Sejumlah anggota TNI bersiap untuk melakukan penyisiran kolompok sipil bersenjata Santoso di Watutau, Lore Peore, Poso, Sulawesi Tengah, Rabu (23/3). Penyisiran tersebut merupakan operasi Tinombala yang kini diarahkan ke daerah Sedoa, Lore Utara, Poso setelah ditemukan dua anggota kelompok sipil bersenjata tewas ketika kontak senjata. ANTARA FOTO/Fiqman Sunandar/ama/16

Tarakan, Aktual.com – Panglima Komando Strategis TNI Angkatan Darat (Pangkostrad), Letjend TNI Edy Rahmayadi menyatakan, Indonesia masih menunggu isyarat Filipina dalam pembebasan 10 WNI yang disandera kelompok Abu Sayaf.

“Kita hanya menunggu isyarat saja dari pemerintah Filipina apakah mau dilibatkan atau tidak,” sebut mantan Panglima Kodam I Bukit Barisan saat menggelar latihan gabungan (latgab) pasukan pemukul reaksi cepat (PPRC) di Kota Tarakan, Kalimantan Utara, Minggu (4/4) melalui siaran persnya, Kamis (7/4).

Ia mengemukakan, saat ini pemerintah RI masih terus melakukan negosiasi dan koordinasi dengan pemerintah Filipina sekaitan dengan 10 WNI yang disandera kelompok separatis sejak Maret 2016.

Edy Rahmayadi menjelaskan, belum adanya kepastian melibatkan RI untuk mengambil langkah pembebasan 10 WNI. Hal itu dianggap pemerintah Filipina masih mampu menanganinya dan siap mempertanggungjawabkannya.

“Kita (TNI) kan hanya pelaksana negara.
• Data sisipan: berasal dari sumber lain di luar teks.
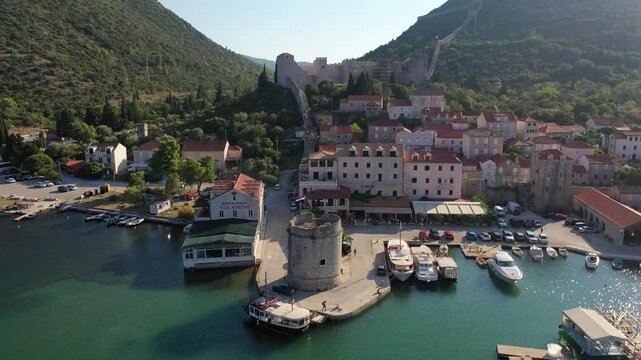A stunning drone shot of Mali Ston, featuring its historic stone fortress tower, red-roofed buildings, and peaceful harbor. The footage captures the charm of the Croatian coast and green mountains.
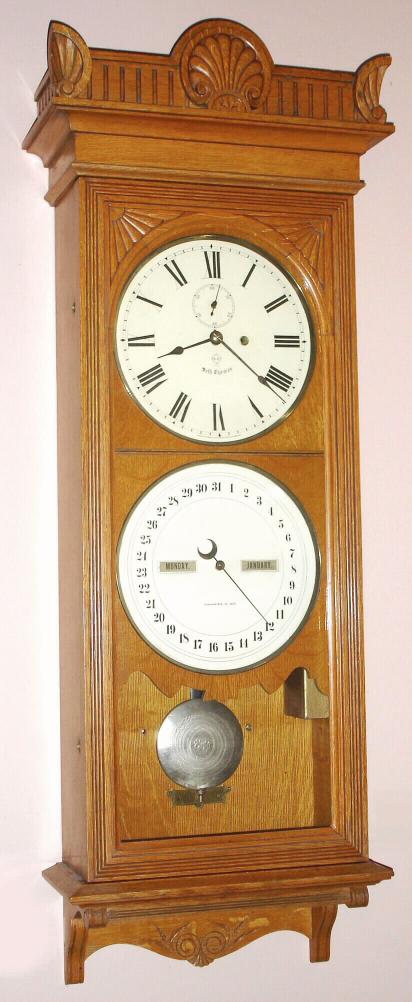 Seth Thomas Clock Co., Thomaston, Conn, OFFICE CALENDAR No. 12, in oak, 8-day, double dial perpetual calendar, weight driven. — Antique Clocks Price Guide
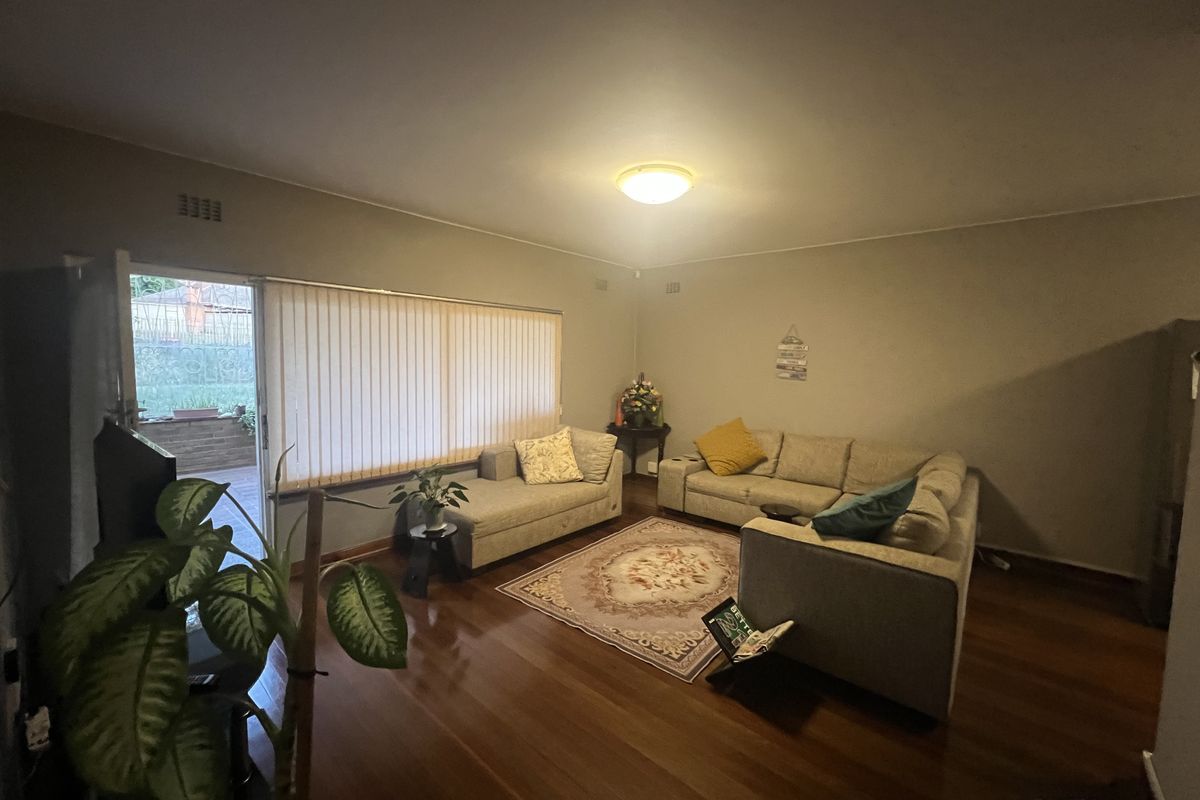 Spacious living room featuring polished timber flooring and large sliding glass doors providing direct access to the outdoor patio area.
Jika diperintahkan maka bersedia setiap saat melakukan apa saja sesuai dengan perintah negara,” ucap dia seraya menyatakan, keberadaan PPRC yang melakukan latgab di Kota Tarakan memang memiliki kemampuan membebaskan sandera pada segala kondisi alam.

Pangkostrad mengungkapkan, “track record” pasukan khusus TNI dalam pembebasan sandera sudah terbukti dengan hasil yang menggembirakan, yakni pada operasi pembebasan kapal Sinar Kudus dan anak buah kapal (ABK) asal Indonesia di Somalia.

Saat pemerintah Somalia mengirimkan sinyal tidak mampu membebaskan para sandera, negara itu meminta kepada pemerintah RI untuk turun tangan. Lantas, TNI melakukan operasi militer.